• The task:
Return the data below exactly, please, but drop the pictures.

• Recorded information:
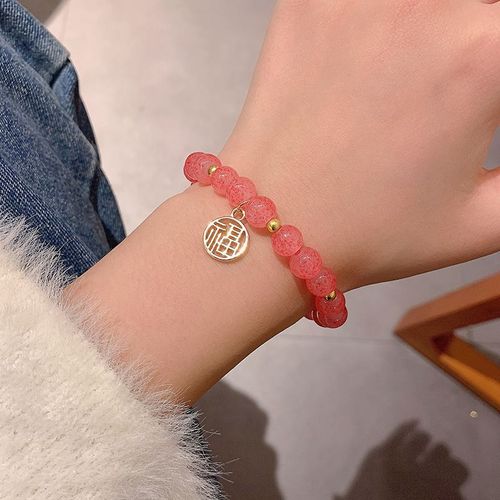 Bracelet En Cristal De Fraise Bracelet Rond Filles Niche Design Bracelets En Cristal Rose Perlé Bijoux A La Main Pour Couples Et Copines-Sw-D009 Or
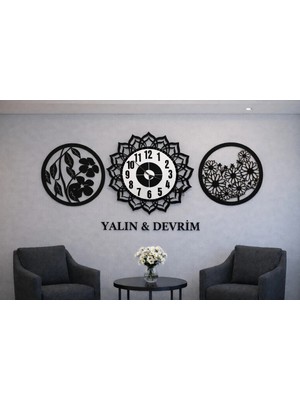 Salon Duvar Saati 40 cm Çiçekler 30 cm Kişiye Özel Modern ve Şık No 10015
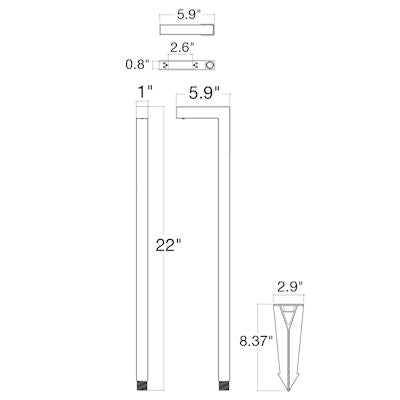 Envision PL - L - 22 - ALM - BZ - 12V Path Light L - Shape Style 22" Height - Bronze - Sonic Electric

• Solution to the problem:
 Bracelet En Cristal De Fraise Bracelet Rond Filles Niche Design Bracelets En Cristal Rose Perlé Bijoux A La Main Pour Couples Et Copines-Sw-D009 Or
 Salon Duvar Saati 40 cm Çiçekler 30 cm Kişiye Özel Modern ve Şık No 10015
 Envision PL - L - 22 - ALM - BZ - 12V Path Light L - Shape Style 22" Height - Bronze - Sonic Electric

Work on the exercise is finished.